В «Жизни насекомых» – опять-таки простейшая метафора-метаморфоза, понятная уже из названия; человеческие телеса неуследимо, как бы подражая плавности пластилинового мультика, переливаются в тельца насекомых, а человеческие заботы – в насекомые заботы, имеющие, как и все жизнеохранное, немало общего с человеческими. Это вещь трогательная, сентиментальная даже – несмотря на шокирующие описания усиков, крылышек, жвал и хоботков, а может быть, благодаря этим описаниям. Ибо хрупкость и смертность живого существа, наша с вами хрупкость и смертность предстают в голой очевидности, коль скоро перед нами не обряженное тело усопшего, а крошечный комочек протоплазмы, утративший свою хитрую архитектонику и превратившийся в месиво под чьим-то грозным ботинком или ладонью.

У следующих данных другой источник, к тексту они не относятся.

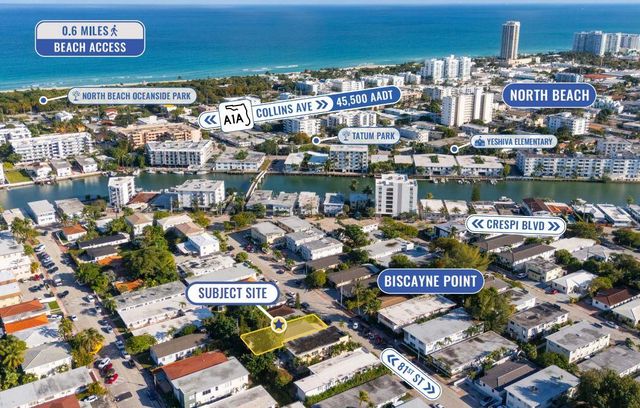 775 81ST Street, Miami Beach, FL 33141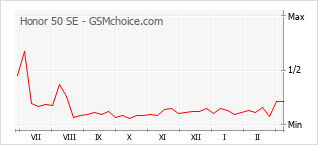 Grafico di modifiche della popolarità del telefono cellulare Honor 50 SE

Когда заокеанский москит Сэм-кровосос восклицает в ответ на жалобы юной советской мухи Наташи: «Но ведь есть же права насекомых…» – авторская ирония не задерживается в границах пресловутого «тоталитаризма»; скорее обратное – подразумеваемые «права человека» становятся немного смешны перед лицом общего права на смерть, «бытия к смерти».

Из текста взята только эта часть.